Once años más tarde no quedaba ya ni una comunidad. La frase atribuida al mártir Cazalla, condenado con toda su familia en los multitudinarios autos de fe contra los “conspiradores” luteranos de Valladolid -“si esperan cuatro meses fuéramos tantos como ellos”- y que Menéndez y Pelayo califica de “famosa balandronada”, no parece tan descabellada si se tiene en cuenta que los inquisidores necesitaron dos “sesiones” de jornada entera para liquidar a los protestantes de Valladolid, entonces residencia habitual de la Corte. Y eso que, según los consejeros de Carlos V, el protestantismo en España no pasaba de ser “un principio sin fuerzas ni fundamentos.”
Los distintos brotes de expansión protestante en España fueron implacablemente segados por la autoridad católica. Desde el siglo XVI hasta la fecha solo hemos disfrutado de tres breves épocas de respiro: la Revolución del 68, la Segunda República y en estos últimos años de libertad (aunque sin paridad) de cultos, al amparo del Concilio Vaticano II y la Ley 44/67 que regula el ejercicio del derecho civil en materia de libertad religiosa.
Ahora resulta que viene el cardenal y nos espeta que, “en nombre de Dios y en el de todos los ciudadanos que forman parte de nuestra Iglesia, nosotros tenemos el derecho y el deber de defender los derechos de las personas”. ¡Hombre! Con los más ecuménicos respetos, señor cardenal, no hagamos demagogia fácil.

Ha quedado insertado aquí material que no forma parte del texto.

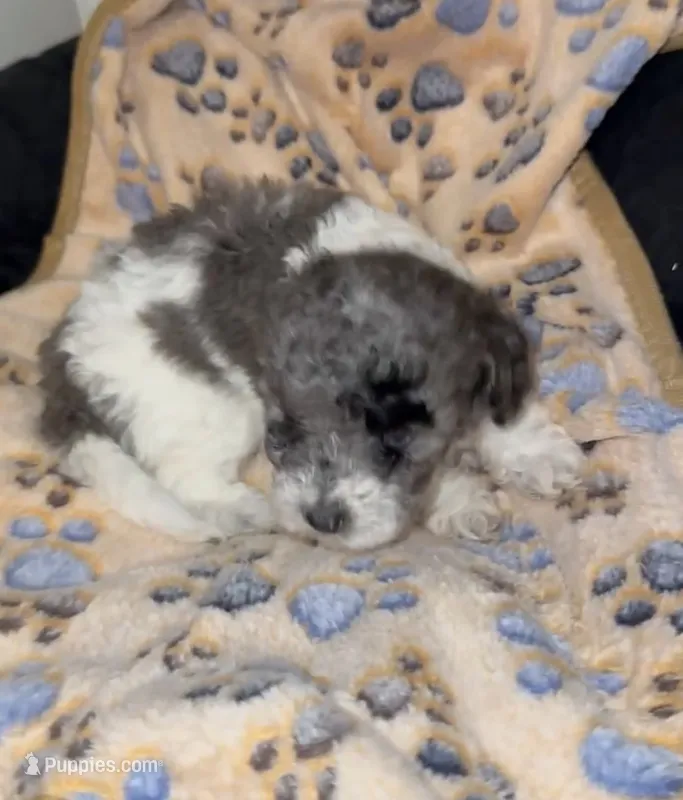 Rocky – Poodle - Miniature  puppy for sale in Henrico, VA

Ahora que los legisladores tratan de que todos los ciudadanos seamos exactamente iguales ante la ley -cosa que, por cierto, hemos venido predicando invariablemente de palabra y obra los evangélicos desde siempre-, van los obispos católicos y se molestan. ¿Es que no les gusta a los señores obispos que a partir de ahora un ciudadano ateo o protestante tenga ante la ley idénticos deberes y derechos que otro católico?
La jerarquía católica parece no reponerse de dos de sus males endémicos: sufrir puntualmente fuertes convulsiones cada vez que alguno de sus múltiples privilegios está en peligro y escudarse en una piadosa amnesia total en esos momentos. El cardenal Tarancón, uno de los hombres más lúcidos y clarividentes de la Iglesia de Roma, sabe perfectamente que la gran beneficiada de aquella (para nosotros los protestantes, temible) simbiosis Iglesia-Estado en los años -tan próximos- del nacional-catolicismo a ultranza no es otra que la propia Iglesia que él representa. El franquismo feneció. La Iglesia oficial sigue. Y bien pujante, por lo que se ve.
Es hora de renunciar a privilegios no ganados en buena lid. Todo el mundo sabe cómo se llevó a cabo la restauración católica en los primeros años de franquismo. Baste como simple botón de muestra recordar la Orden del 7 de mayo del 38 por la que el Gobierno de Franco “reconoce y afirma la existencia de la Iglesia católica como sociedad perfecta en plenitud de sus derechos”. Muy pocos españoles de a pie se van a sentir molestos porque en esta hora de usteridad general pierda la Iglesia católica una oficialidad conseguida por métodos ni evangélicos ni democráticos en días de triste recuerdo.
Logo «Coexist» con los símbolos de Islam, Pacifismo, Igualdad de Género, Judaísmo, Libertad de Conciencia, Religiones Orientales y CristianismoLíbrenos el Señor de otra “cruzada”. Líbrenos también de nuevas leyes de imposición católica. Ni Estado católico, ni tampoco Estado protestante. El Estado no ha de ser patrimonio de ninguna de las iglesias presentes en la sociedad española, ni de ningún otro grupo de presión. No más dictaduras, por favor. Las iglesias, en sus capillas, predicando desde sus púlpitos sus respectivos evangelios. Pero sin amenazas ni coacciones en la calle. Sobre todos, creyentes e increyentes, el Estado libre y soberano. La España oficial habrá de ser pronto reflejo fiel e insobornable de esa España real, generosa y sufrida, profundamente liberal e inequívocamente laica.